Choreographer Emanuel Gat in conversation with Moritz Frischkorn, dramaturg of “Reflexe & Reflexionen”
What was your point of departure for making “Freedom Sonata”?
I do not really see the works I make as separate entities. For the past 30 years, I am always asking the same questions when I go to the studio. I just come up with different answers each time. The process keeps evolving because I may be in a different place, because of my accumulated experience, etc. Each piece then takes its shape as a by-product of the context and the people I am working with.
Does that also mean that the title did not exist at the very beginning?

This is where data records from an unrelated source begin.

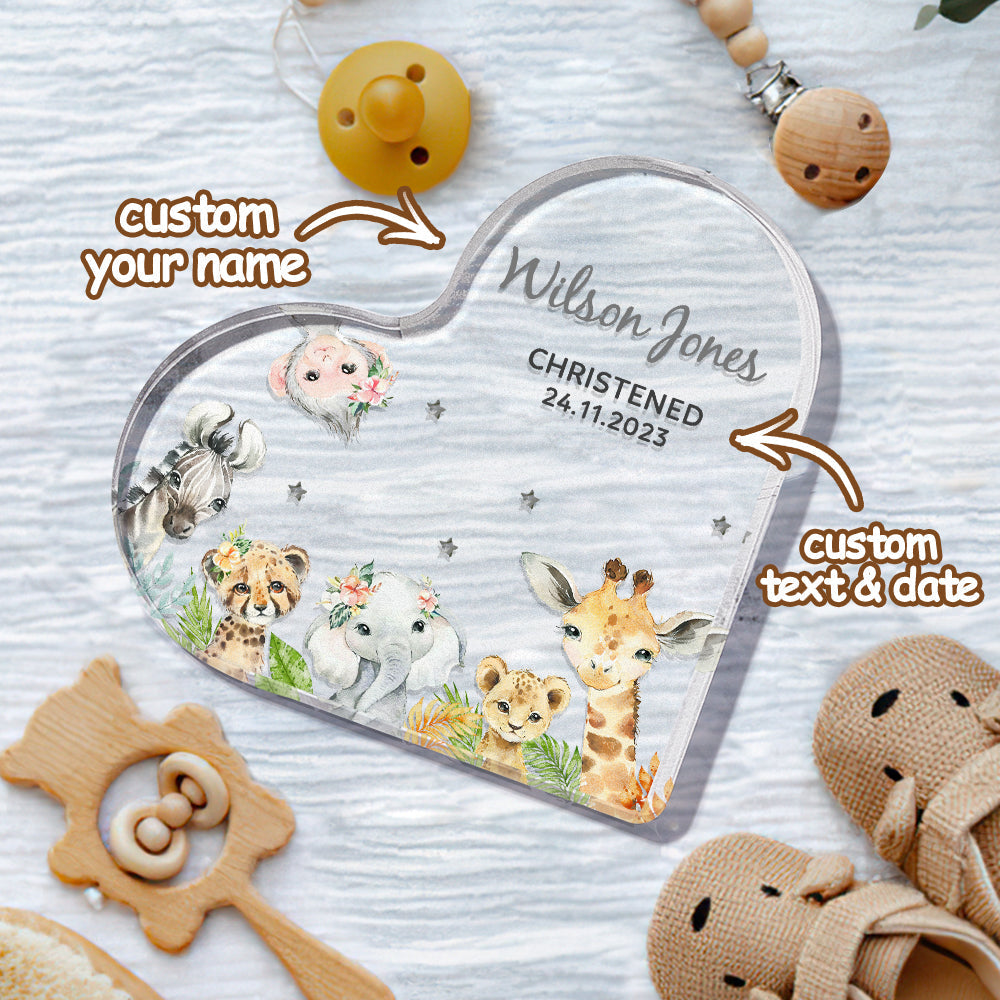 Personalized Name Christening Date Gift Custom Animals Ornaments Gift for New Baby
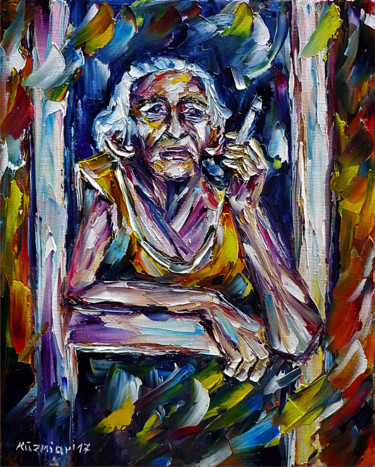 Painting titled "Rauchende alte Frau…" by Mirek Kuzniar, Original Artwork, Oil
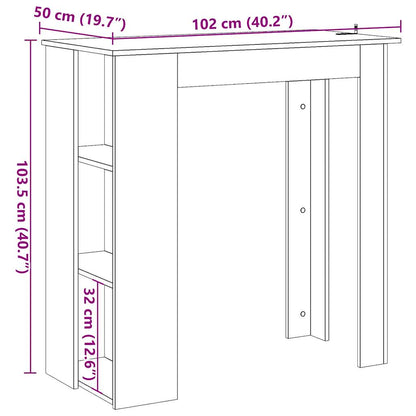 Tavolo Bar Ripiano 102X50X103,5Cm Truciolato
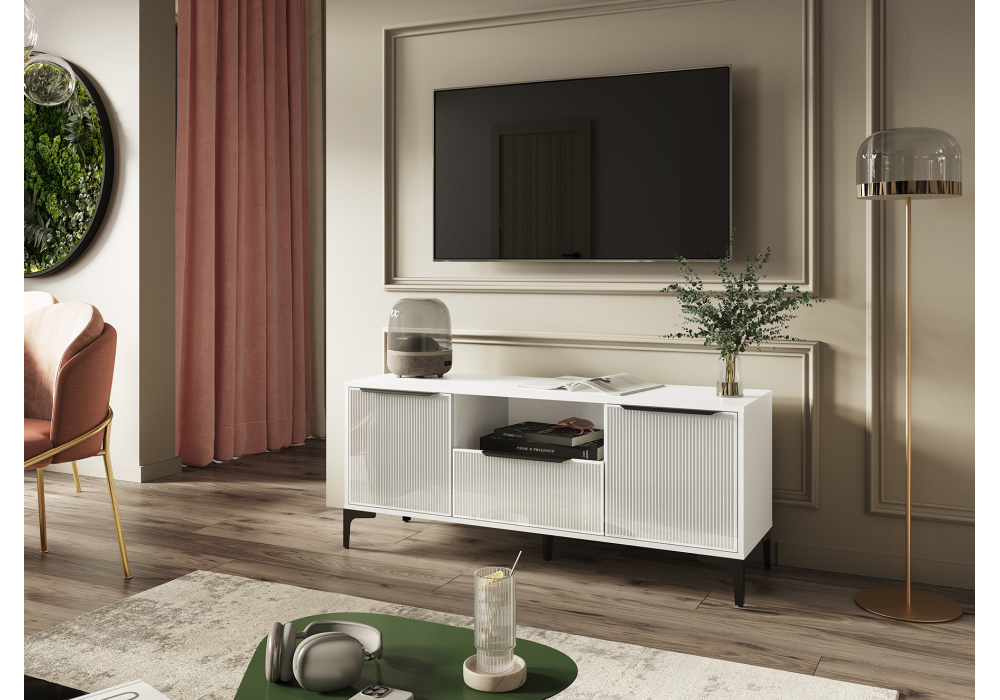 ТВ-тумба Woodville Иадама белый, белый глянец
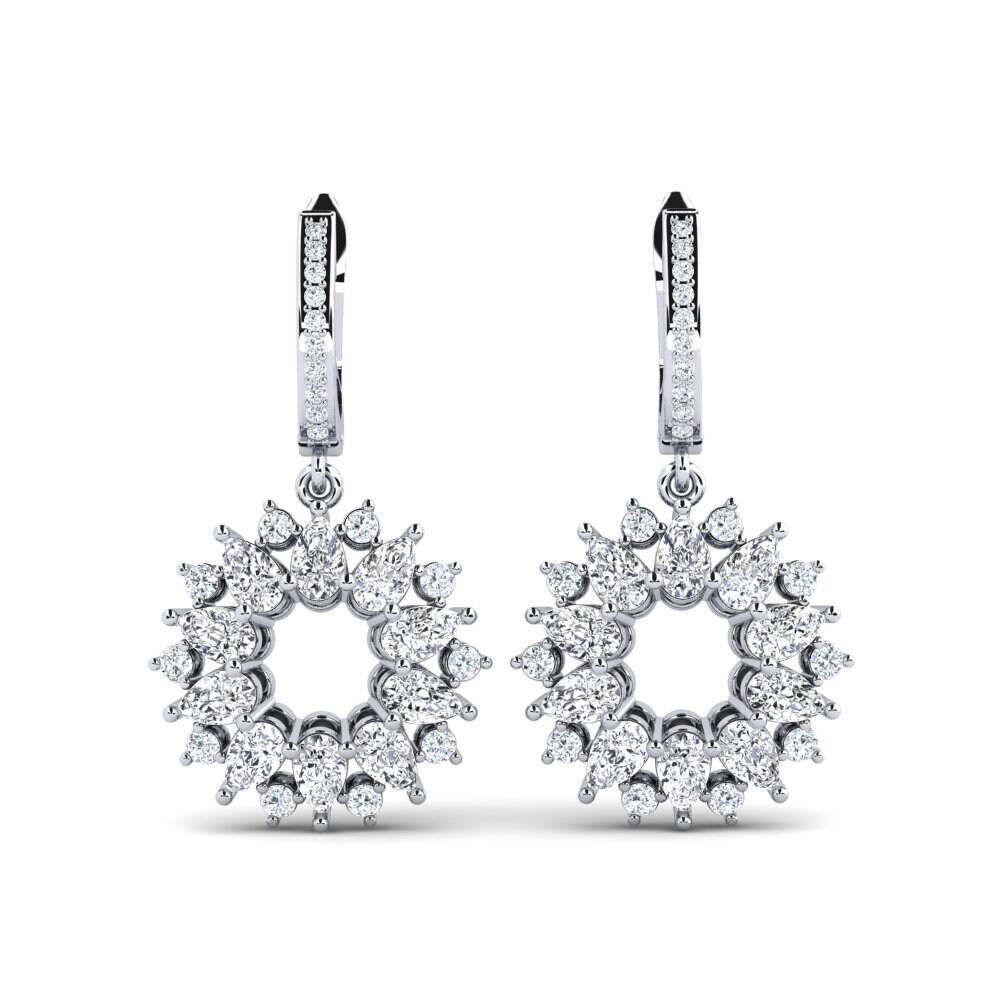 Boucles D'oreilles Diamants 6.11 Carats En Or Blanc 18K - Formes Marquise, Poire Et Ronde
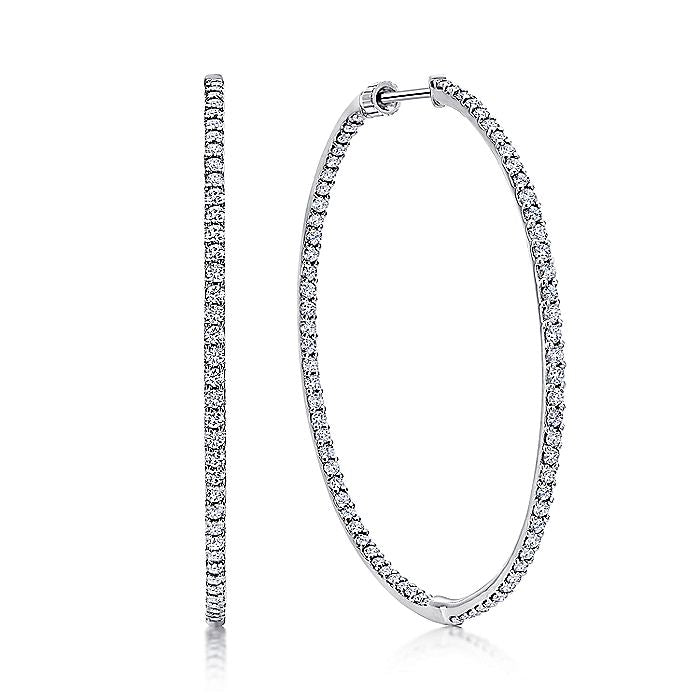 Gabriel & Co. EG10291W45JJ 14K White Gold Prong Set 50mm Round Inside Out Diamond Hoop Earrings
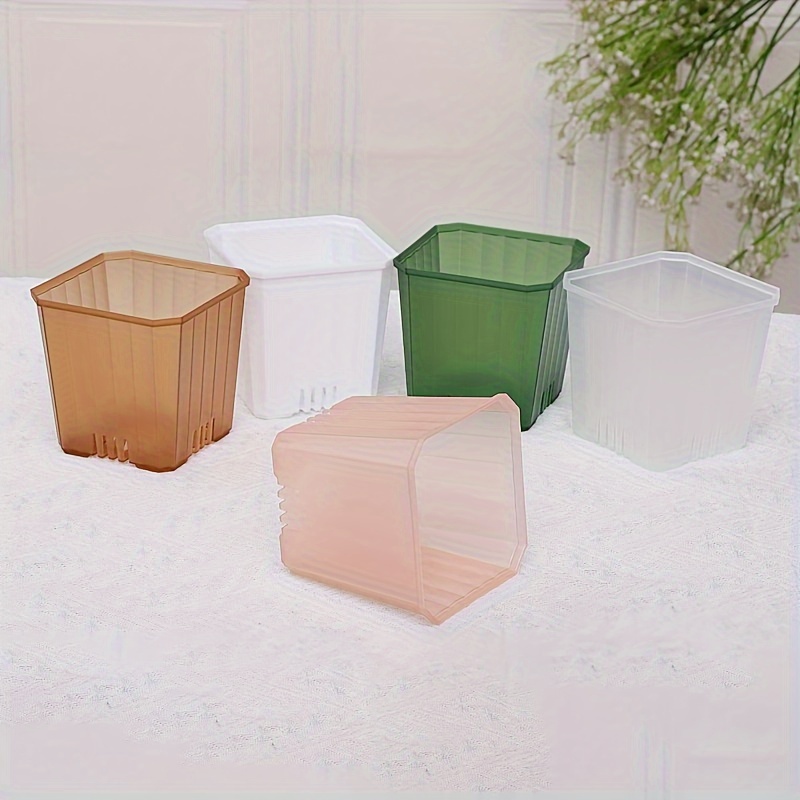 

3pcs, Modern Style Semi-transparent Square Plastic Flower Pots With Drainage, Breathable, Suitable For Indoor And Outdoor Use, 2.76x3.07x1.97 Inches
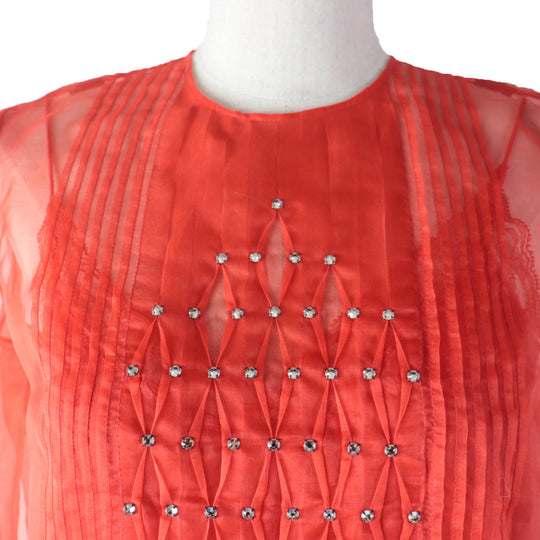 GUCCI tops 633322 Main: 100% silk, Part: metal, Lining: 73% acetate, Lining: 27% silk, Part: 100% nylon Red Women 36 Used Authentic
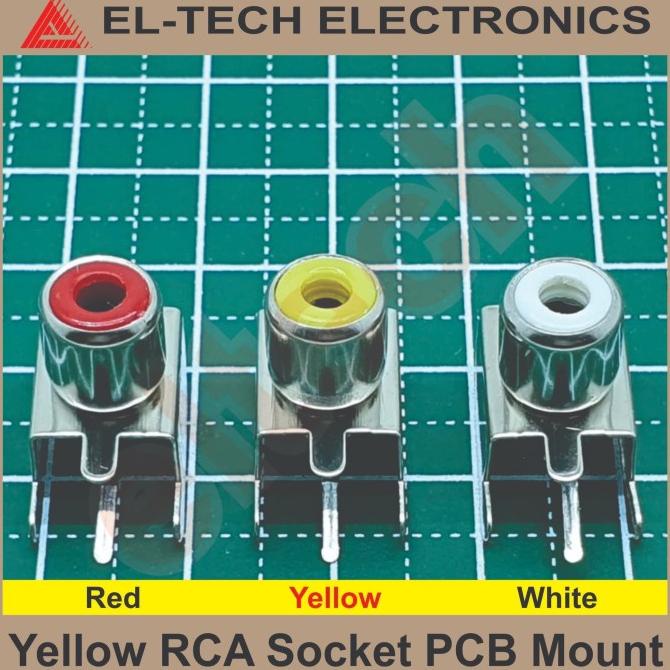 (10 pcs) RCA Socket Soket PCB Mount Right Angle Siku Female Yellow Kuning elt3ch Murah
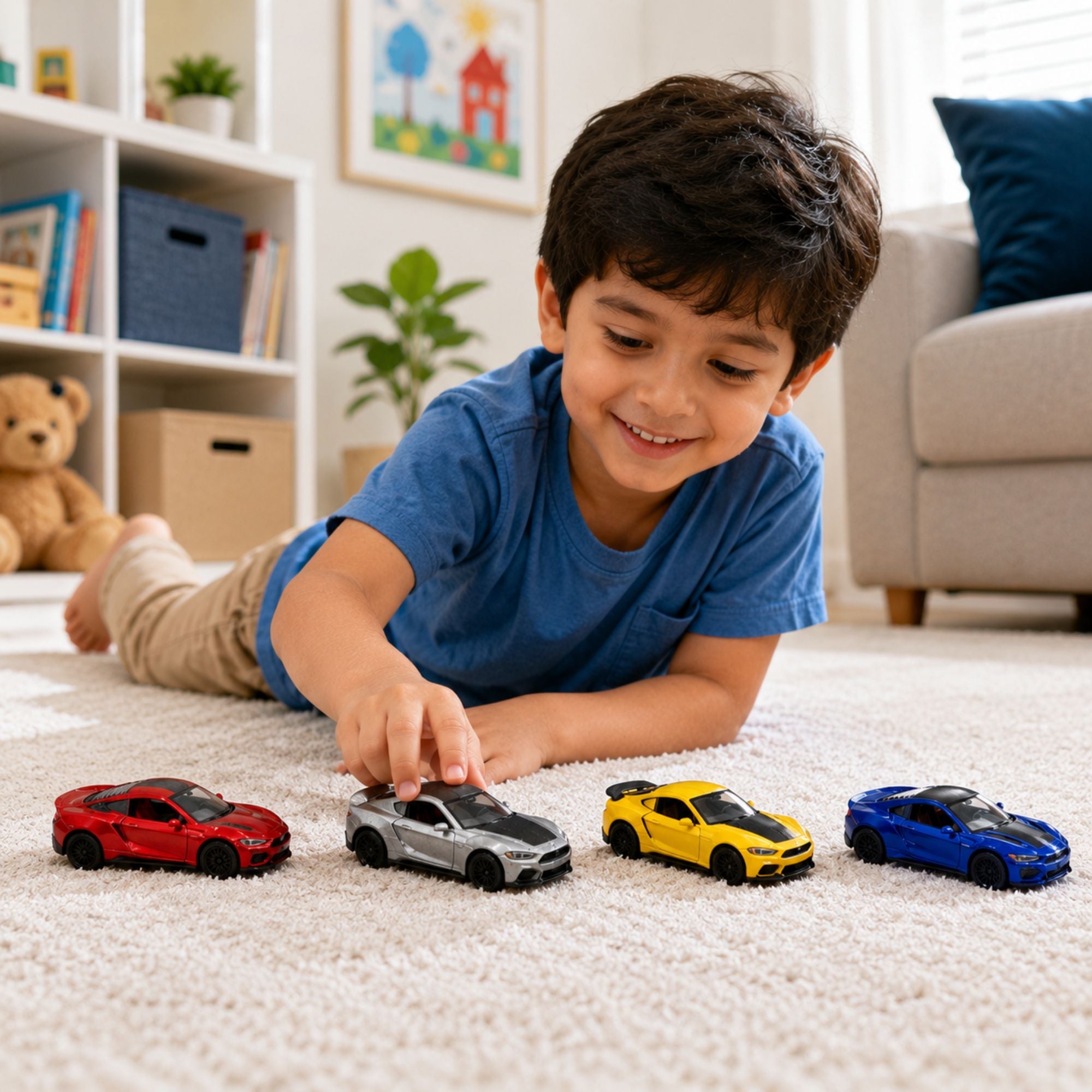 Diecast Sports Car Toy with Pull Back and Opening Doors Play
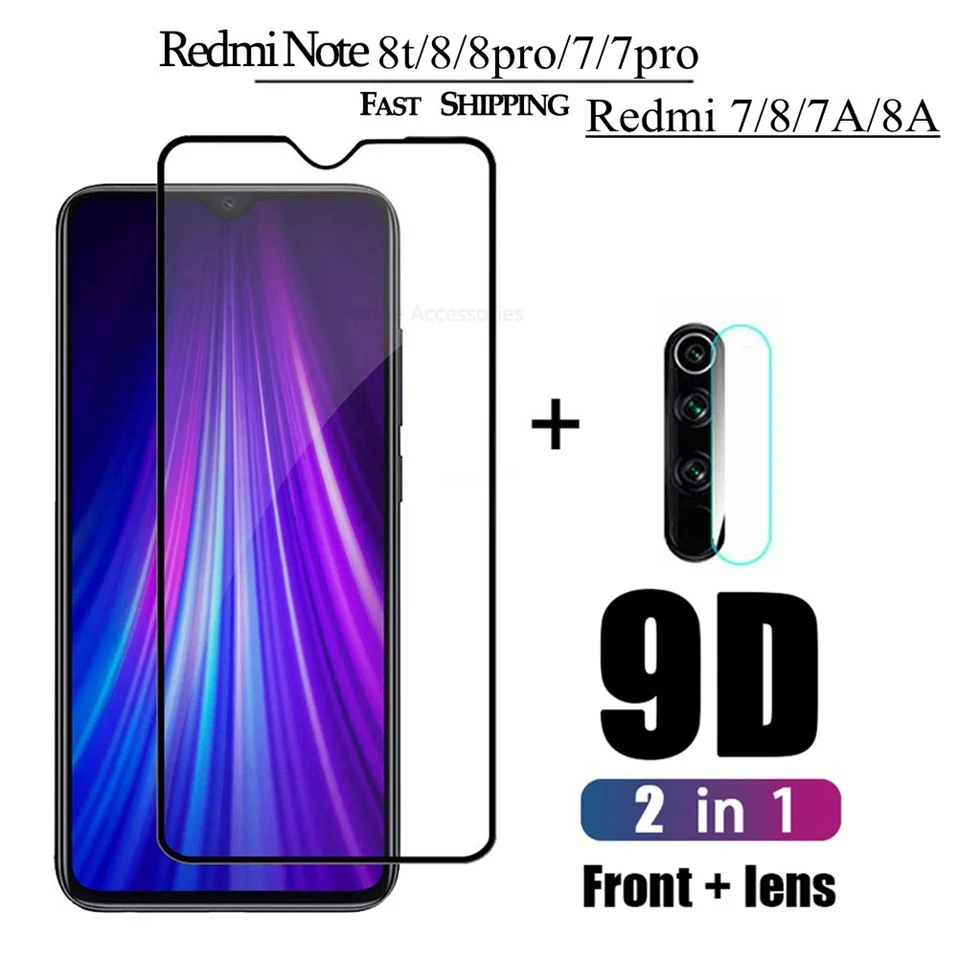 2в1 закаленное стекло для Xiaomi Redmi Note 7 8 Pro 8T защита для экрана камеры Xiomi наклейка на рассеиватель на Xaomi Redmi 7 8 A 7A 8A стекло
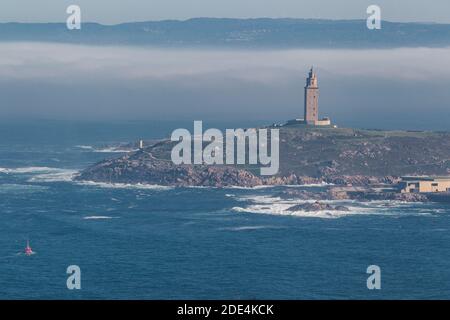 view of the estuary of A Coruña and the Tower of Hercules from Monte San Pedro in A Coruña, Spain Stock Photo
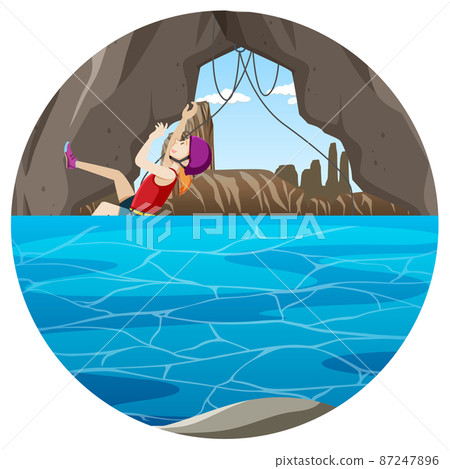 Scene with people climbing rocky moutain on circle artboard Scene with people climbing rocky moutain on circle artboard 87247896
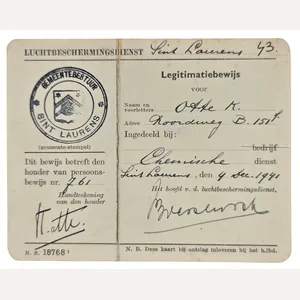 Original WW2 Dutch LBD Document - Luchtbeschermingsdienst ID card Chemische …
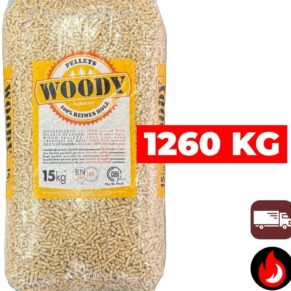 1260 kg | Woody Premium (lichte) houtpellets | ENplus A1 & DIN+ | Inclusief bezorging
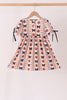 Pumpkin bow embroidery ruffle dress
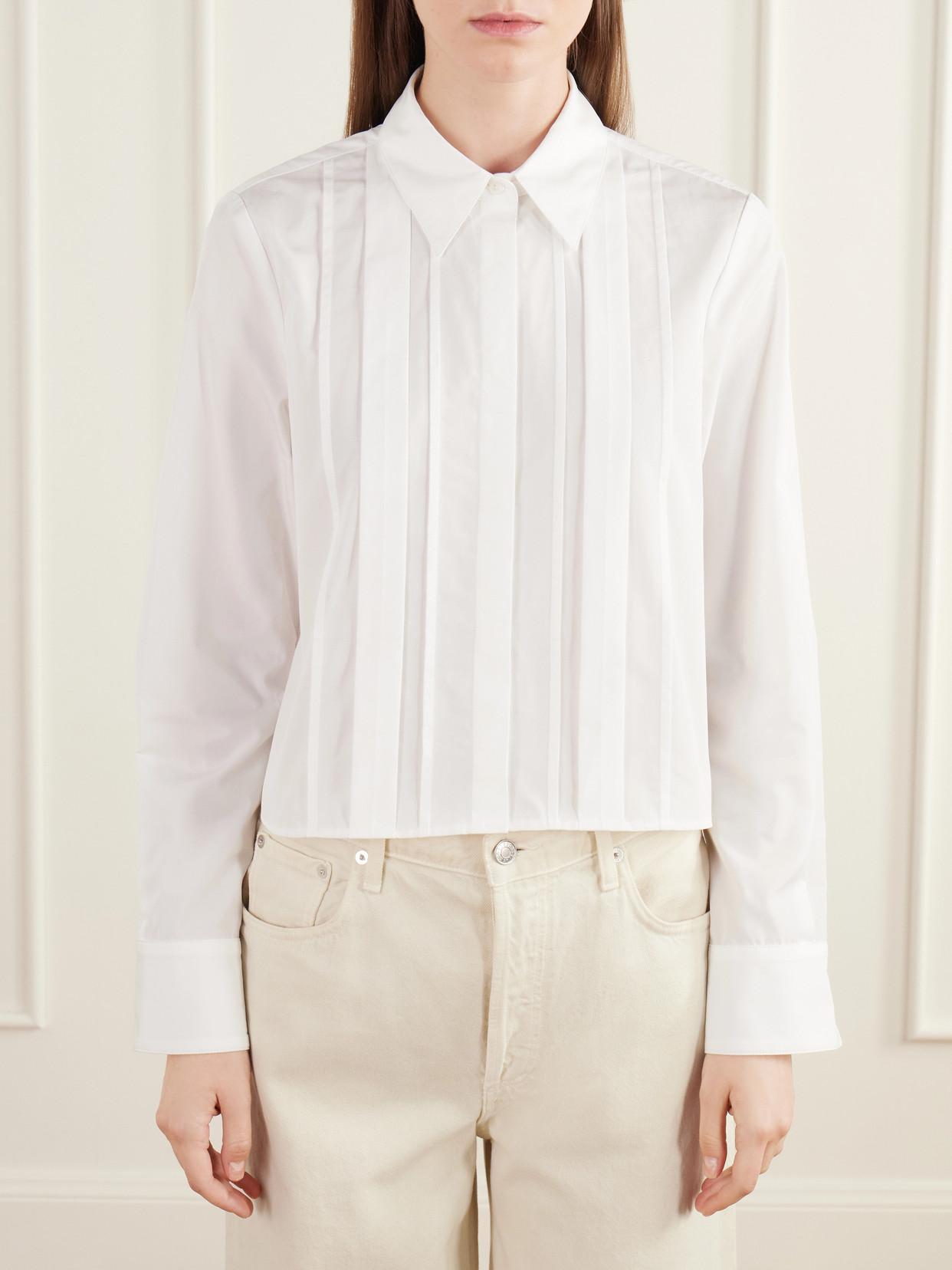 Mon Cherie Cropped Pintucked Cotton-Poplin Shirt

No, it did not. If I could, I would keep changing the titles of my pieces all the time. I cannot do that because it would be a problem in marketing. But the choreography keeps changing all the time. When we come to Berlin, 30–40 per cent of the piece will be different compared to when we showed it last year. A lot of parts were thrown out, others changed, new ones got added. The performance is an evolving entity.
Music has always played a crucial role in your practice. For “Freedom Sonata,” you translate the music of Ludwig van Beethoven and Kanye West into choreographic scores. How does that work?
The choreographic scores and rules that I produce are separate from the music. For the choreography and the music to enter into an engaging conversation, they must remain autonomous entities. I do not make choreography to illustrate the music, and I am not going to use the music to support the dance or choreography. Rather, the dancers interact with the music differently every time they do the piece. They are incentivized to look at it in real time as a form of open dialogue. So, again, if you see two performances, you will see a lot of things that are quite different.
Can you describe one of these scores for people who do not dance?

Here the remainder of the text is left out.